In our previous work, which we described in Sect. 8.2, we have proposed a method for explaining an arbitrary prediction model in the form of contributions of individual features. In this chapter we extended that work by showing how such a black-box approach to explanation is closely connected to visualising the model in the form of a nomogram or quasi-nomogram. We proposed a method for constructing a quasi-nomogram for a black-box prediction model, only by changing the inputs and observing the changes of the output. This is convenient in situations when working with and comparing several different types of models, when we wish to avoid implementing a model-specific method for constructing a quasi-nomogram, or when such an implementation is not possible (only the model might be available or we want to avoid investing the time and effort necessary for modifying third-party code).

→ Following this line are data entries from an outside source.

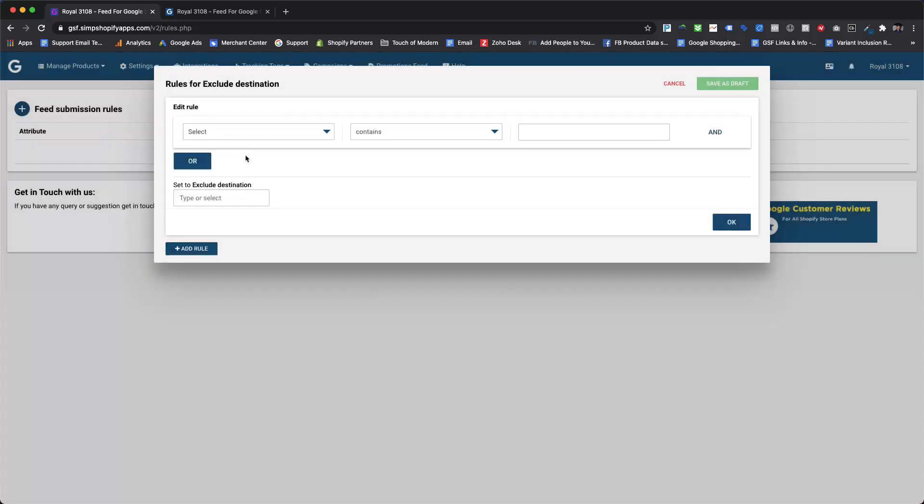Let's get started with creating a new automated rule for excluding products or variants based on product prices. Here we are going to create a rule so that any product or variant from women's dresses type which is priced less than 60 US dollars will be excluded from all the destinations of Google.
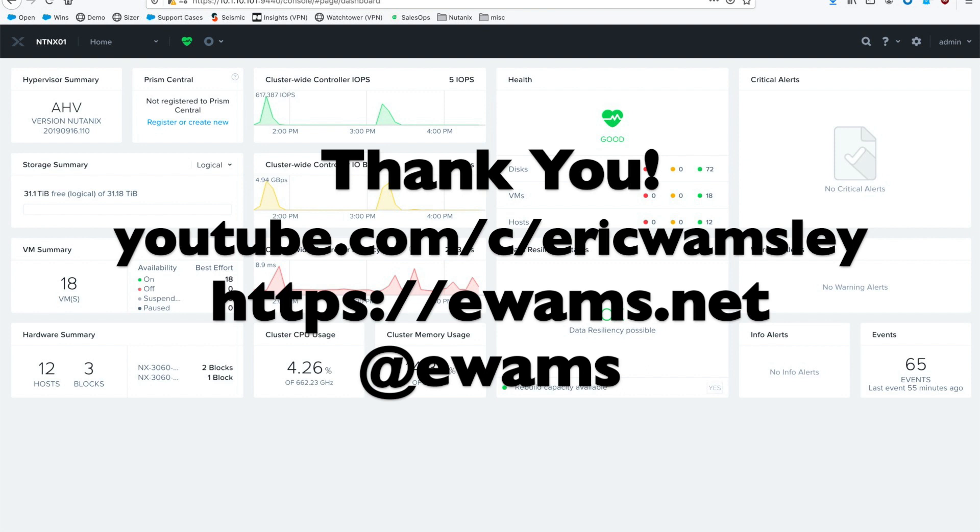So thank you very much for watching. Please check out my other videos on my channel. You can also go to my website ewams.net or follow me on Twitter at ewams for updates. Hope you have a good one. And I hope this helps. Thank you.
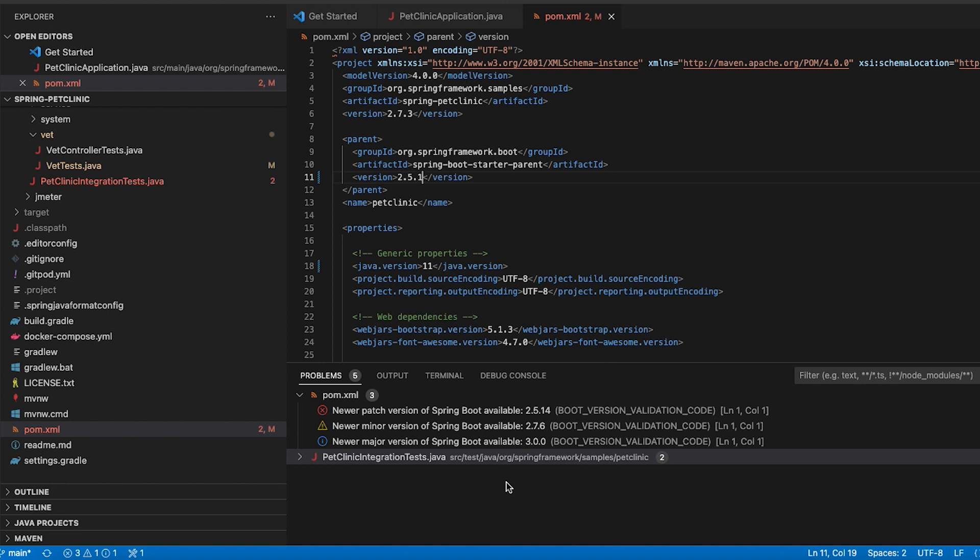The same works of course for our Spring Tool Suite for Eclipse and the extensions for Eclipse. And if you don't would like to see those information showing up automatically you can of course switch them all to Ignore if you decide to do so.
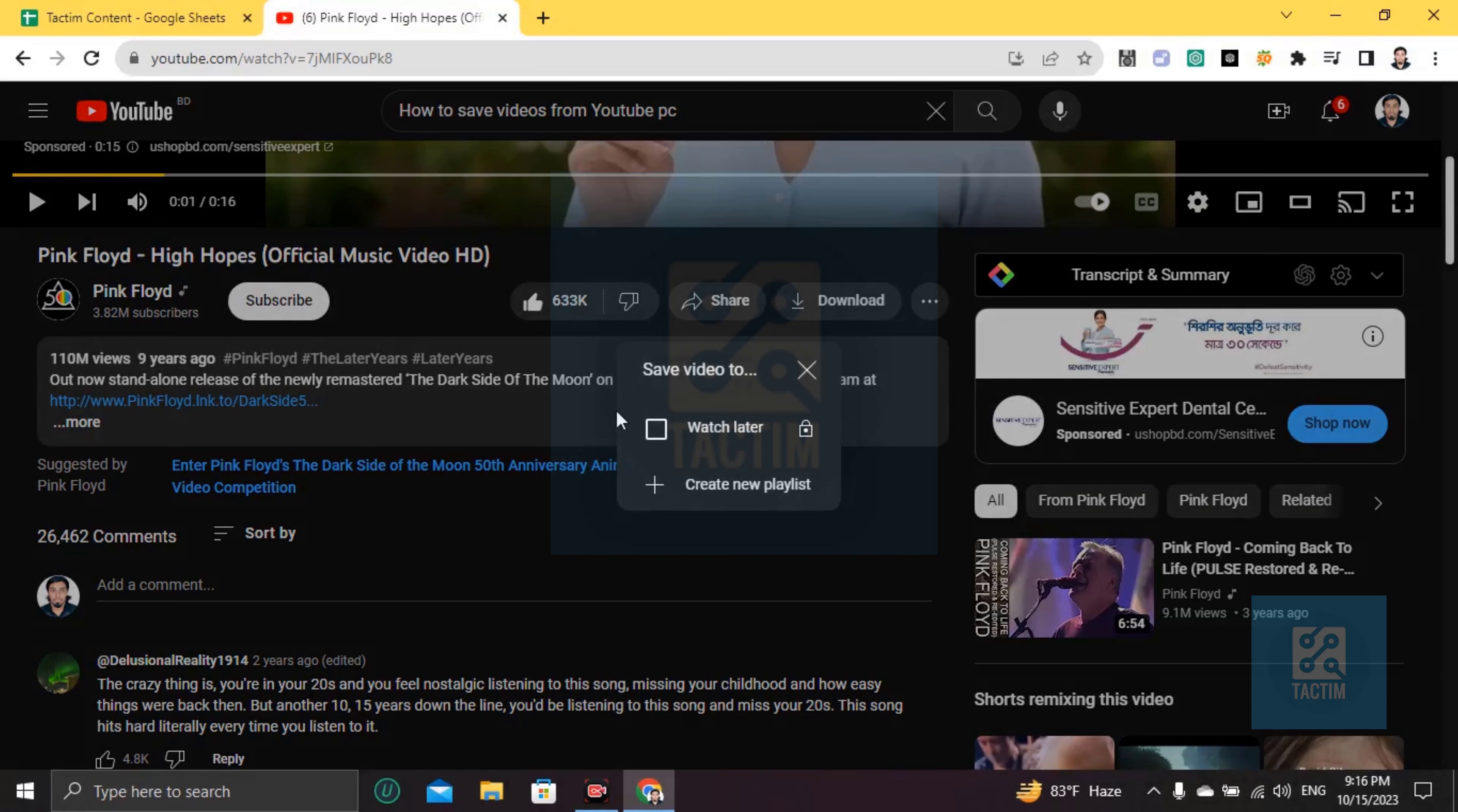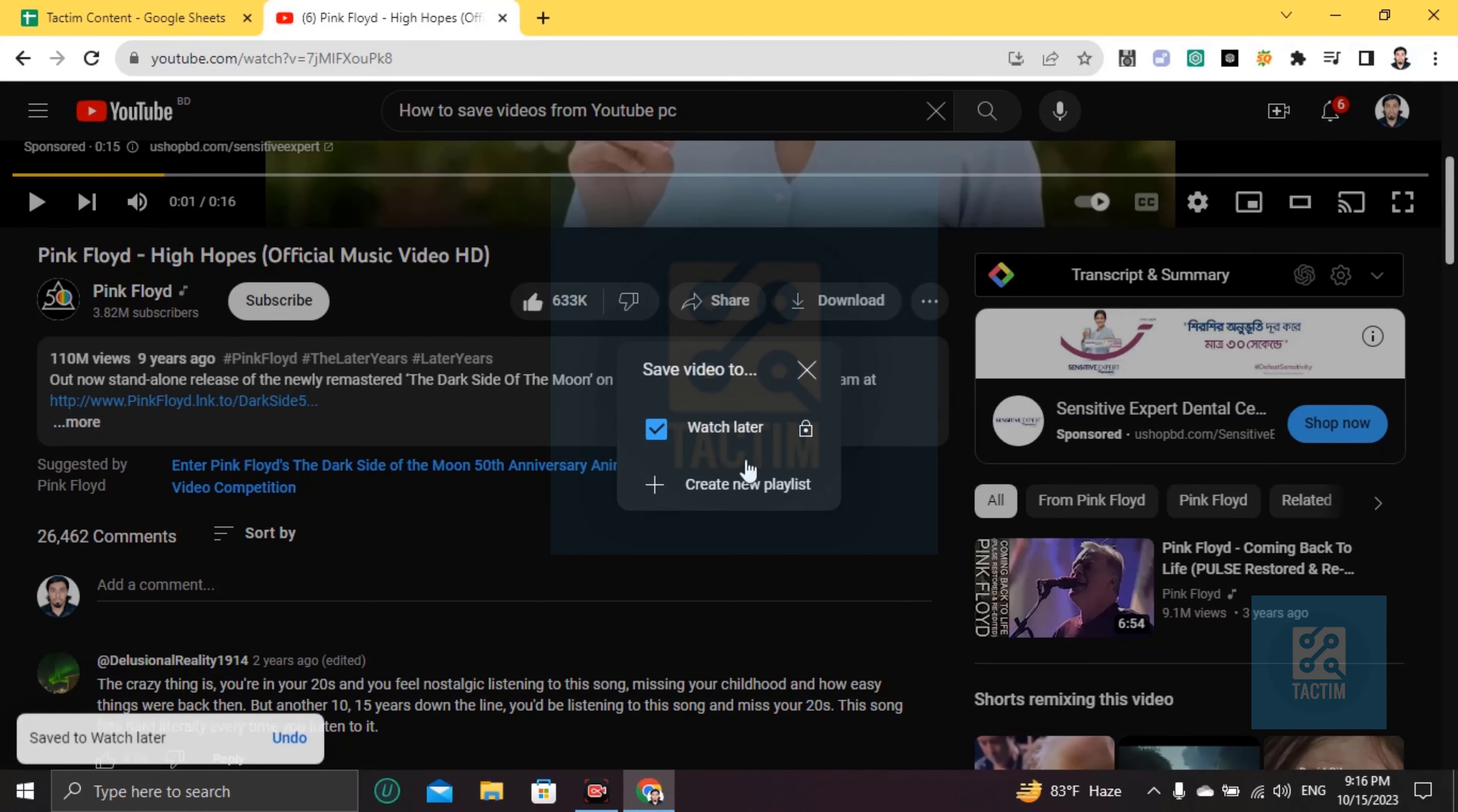And you can make a playlist or you can save it to Watch Later. That's it. Save to Watch Later.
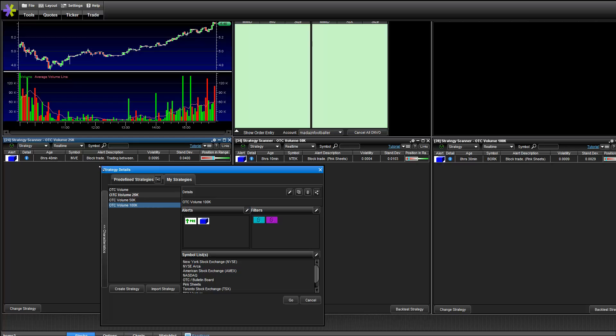So if I see a ticker that is only lighting up the 25k scanner, then I know that I might not be putting in a large position. If I see a ticker lighting up all three, then I know that it's a very high dollar volume ticker, and I could put in a lot of money on my trade.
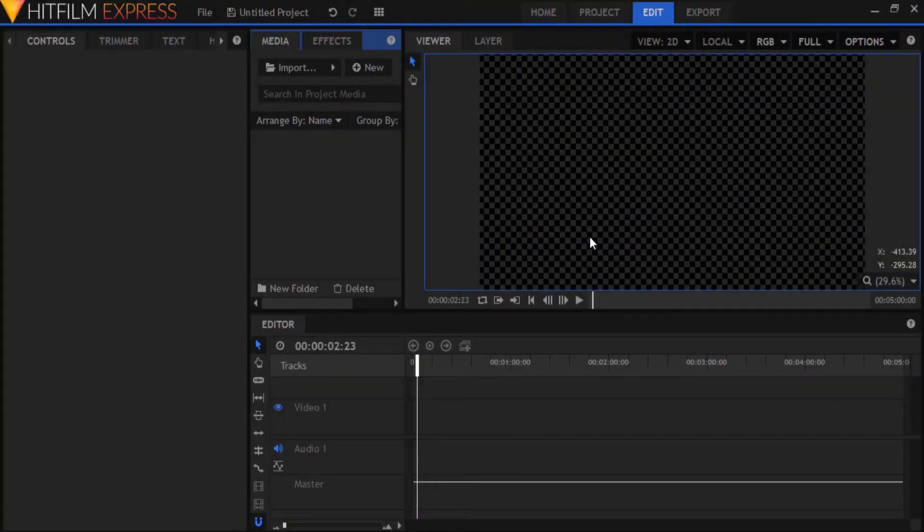Hey everyone, Abhi here for Black Photon Studios. Today I'm going to show you how to create your own custom laser bolts in HitFilm Express for free. This is actually pretty simple and easy, and you don't need the Sci-Fi Adventure add-on pack to do this.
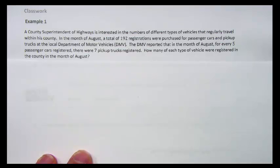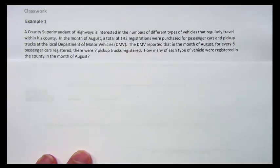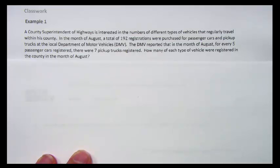Here's an example of a word problem we can solve by finding equivalent ratios. A county superintendent of highways — a person in charge of all the highways in a county — is interested in the number of different types of vehicles that regularly travel within his county. In the month of August, a total of 192 registrations were purchased for passenger cars and pickup trucks at the local DMV. The DMV reported that for every five passenger cars registered, there were seven pickup trucks registered. How many of each type of vehicle were registered in the county in the month of August?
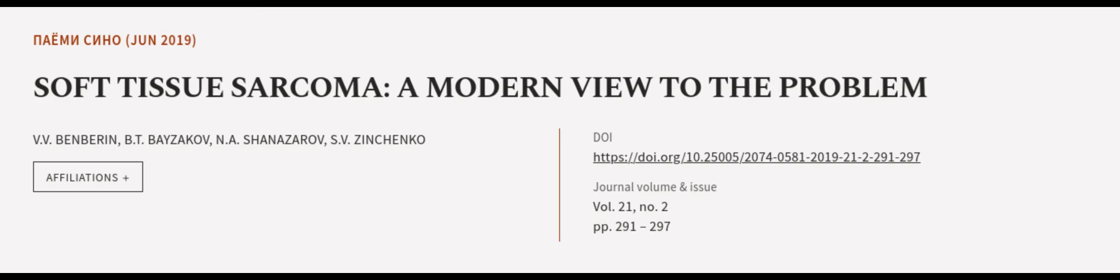This article was authored by V.V. Benberin, B.T. Bezikov, N.A. Shinasarov, and others.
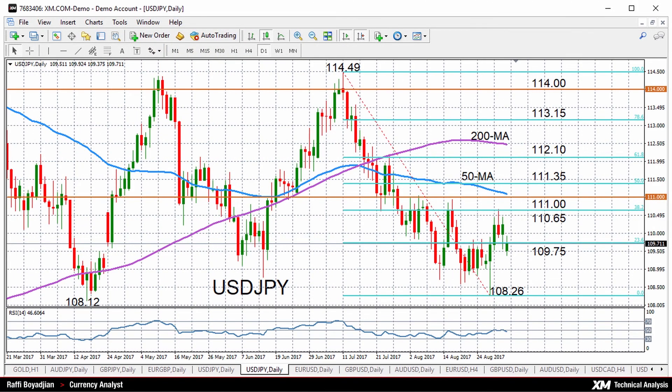Hello, welcome to the weekly technical analysis review here at XM.com. I'm Rafi Boyajian, currency analyst, and today is Monday, September 4th, 2017. Today we will look at the dollar-yen, the euro-dollar, the pound-dollar, and the Aussie dollar.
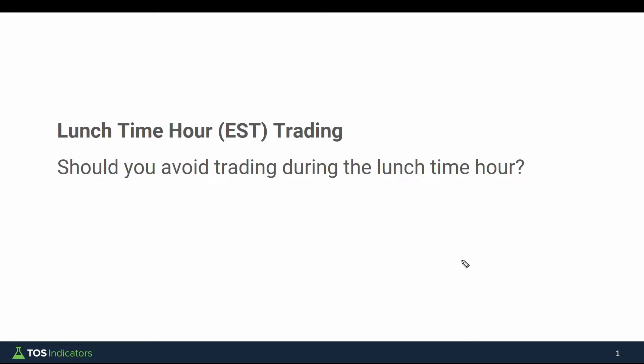In today's video we'll focus in on the lunchtime hour — the East Coast lunchtime hour — really trying to answer one simple question: should you avoid trading during this hour, or is this hour profitable or beneficial with most traders away from their desk? My answer is to avoid trading this hour, but throughout the course of this video I'd like to show you why.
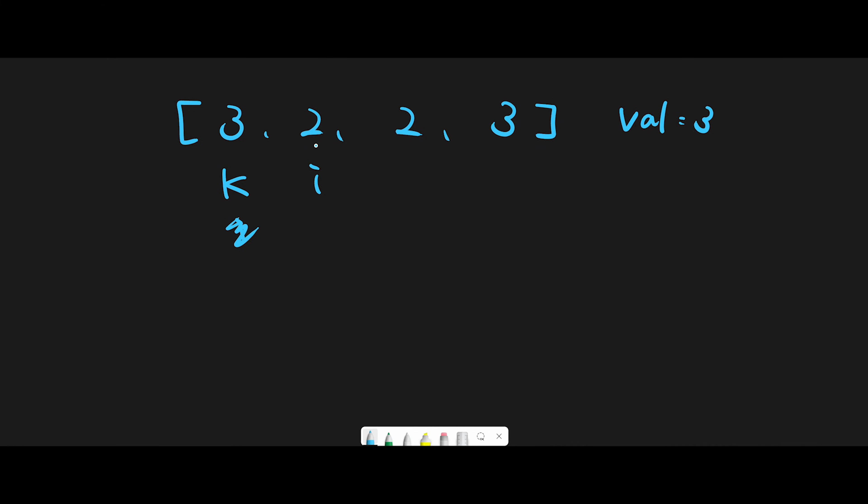So just update k position with current number. In this case, update k number with 2. So now the array should be like this. And then, we successfully updated index 0. So k moves next. Next target position is index 1.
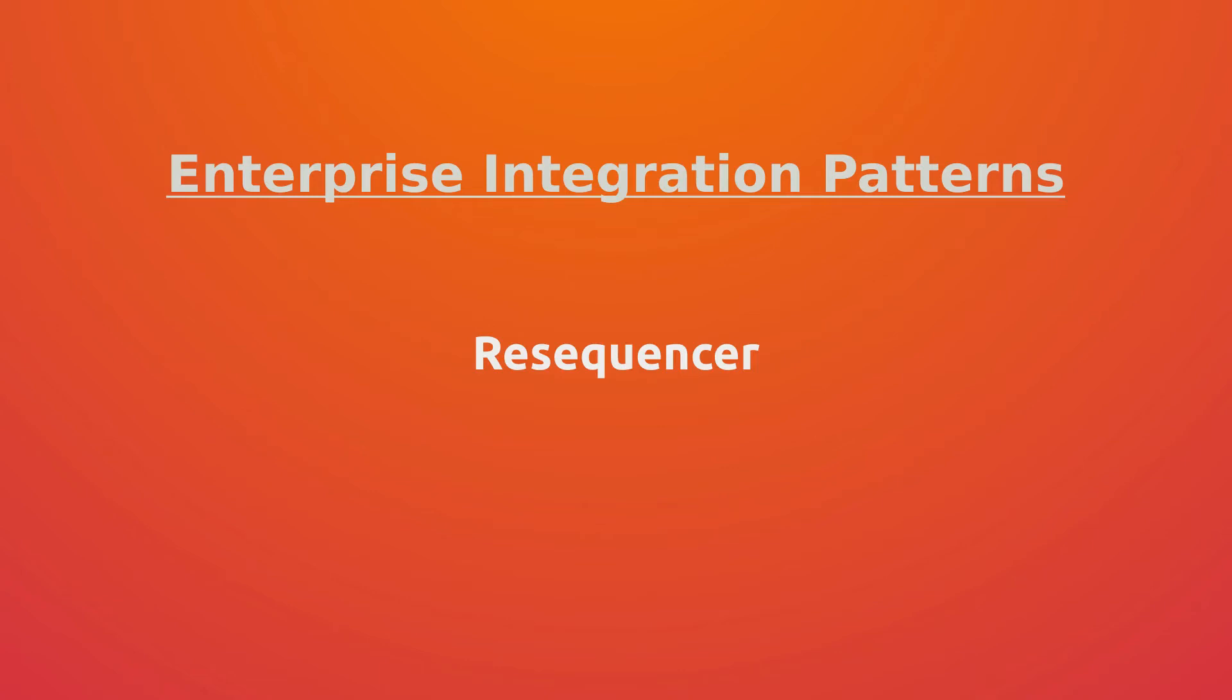Hello guys and welcome to my new video. Today we're going to talk about the resequencer pattern.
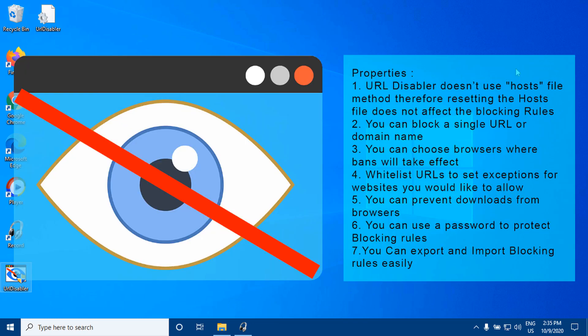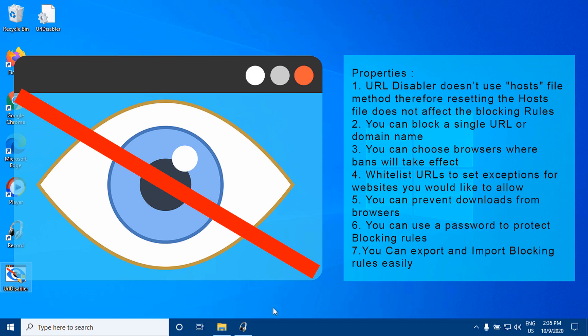Properties: 1. URL Disabler doesn't use the HostsFile method, therefore resetting the HostsFile does not affect the blocking rules. 2. You can block a single URL or domain name. 3. You can choose browsers where the block will take effect. 4. Whitelist URLs to set exceptions for websites you would like to allow. 5. You can prevent downloads from browsers. 6. You can use a password to protect blocking rules. 7. You can export and import blocking rules easily.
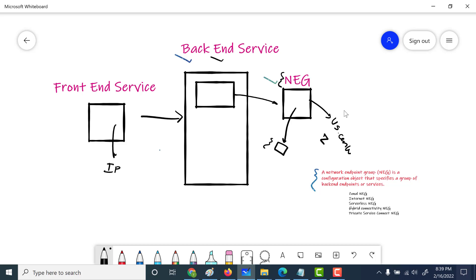One important thing to note is that there is no concept of auto-scaling with NEGs. If you want auto-scaling, you have to use instance groups. With NEGs, you are simply assigning a particular backend service to a specific virtual machine within the NEG.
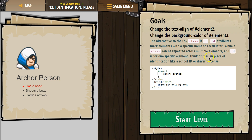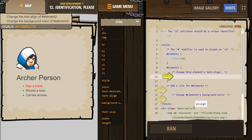Think of it as a piece of identification like a school ID or a driver's license. So hashtag main — main is an ID. There's only one main. Here's a CSS comment. We know this is CSS because it's between style and style on the page. Everything else is HTML.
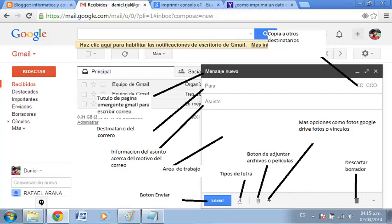También se puede agregar destinatarios a la CC y CCO. CC significa copia al carbón. Esto se utiliza cuando se desea enviar un correo electrónico a alguien que no es el destinatario principal, para mantenerle informado mientras se le hace saber que probablemente no tiene que responder al mensaje. El CCO es copia oculta, funciona casi de la misma manera que el CC, excepto que todas las direcciones de correo electrónico en el campo CCO están ocultas. Es ideal cuando se quiere enviar un correo a un gran número de destinatarios o cuando se necesita cierta privacidad.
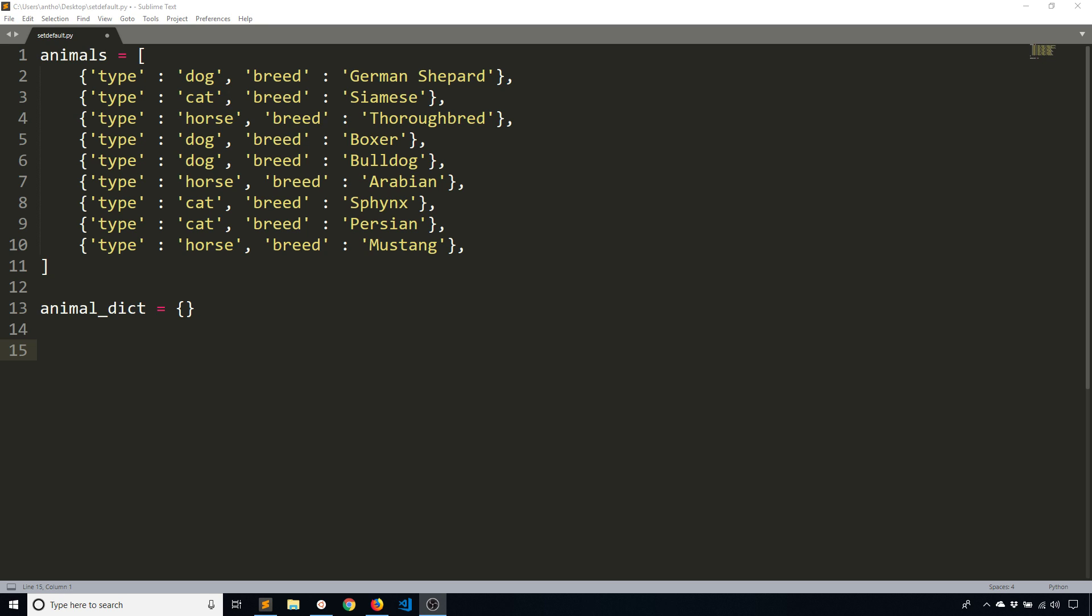So what I want to do is take this data structure here, which is a list of dictionaries. These dictionaries basically have a type of animal and the breed of that animal. So you see here dog and then German Shepherd, horse thoroughbred, cat Persian, and so on. I want to convert that from a list of dictionaries to a dictionary of lists.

These quasi-nomograms can also be viewed as prediction curve plots (one for each variable) - plots of how the effect of the variable depends on its value. The only difference is that the values of other variables are not fixed, but varied in a way that captures interactions among all subsets of variables (see Sect. 8.2). If the prediction curve is monotonic (strictly increasing or decreasing) or the variable has only a few values, it can be collapsed onto a single axis, as was shown in some of the examples.

As shown in the illustrative examples, the procedure can be applied to classification and regression tasks, discrete and continuous input variables. For models which are known to be of the generalised additive type, the method is interchangeable with any model-specific method, as it produces equivalent quasi-nomograms, and therefore generalises them. The approach is useful for non-additive models as well, especially when the task is additive or when the resulting loss in prediction accuracy is small or outweighed by the benefits with respect to the interpretability offered by the quasi-nomogram. Additionally, non-additivity is straightforward to detect from the variability and it would be possible to visualise the most important pairwise interaction, further improving how the nomogram represents the model. Three-way or higher level interactions become problematic, however, due to the difficulties of effectively visualising, or representing in some other way, three (and higher) dimensional data and for the human to understand such representations.